Studio album by Dead Meadow
- Released: February 4, 2008
- Recorded: November 2006 – December 2006
- Genre: Psychedelic rock, stoner rock
- Length: 56:20
- Label: Matador Records

Dead Meadow chronology
| Feathers (2005) | Old Growth (2008) | Warble Womb (2013) |

= Old Growth (album) =

Old Growth is the fifth studio album by American psychedelic rock band Dead Meadow.

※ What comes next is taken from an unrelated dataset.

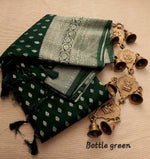 Load image into Gallery viewer, Dipika Soft Silk Saree | Shoppers Trend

It was released in 2008 by Matador Records on CD and LP.

Professional ratings
Review scores
| Source | Rating |
| AllMusic |  |
| Pitchfork |  |

==Track listing==
1. "Ain't Got Nothing (To Go Wrong)" – 6:58
2. "Between Me and the Ground" – 3:15
3. "What Needs Must Be" – 4:20
4. "Down Here" – 2:43
5. "'Till Kingdom Come" – 4:05
6. "I'm Gone" – 4:13
7. "Seven Seers" – 4:20
8. "The Great Deceiver" – 3:06
9. "The Queen of All Returns" – 5:33
10. "Keep on Walking" – 3:01
11. "Hard People/Hard Times" – 4:22
12. "Either Way" – 7:48

==Critical reception==
AllMusic gave a mixed reception, both positive and negative towards the major change in themes – with a blues-rock focus over a heavier metal nature. Along with this general change there was an experimental nature to individual songs, with acoustic songs alongside slow groove. The review summarised the album as "still good, but isn't stoner rock supposed to sound destructive?" Pitchforks review was also mixed and noted similar issues and positives.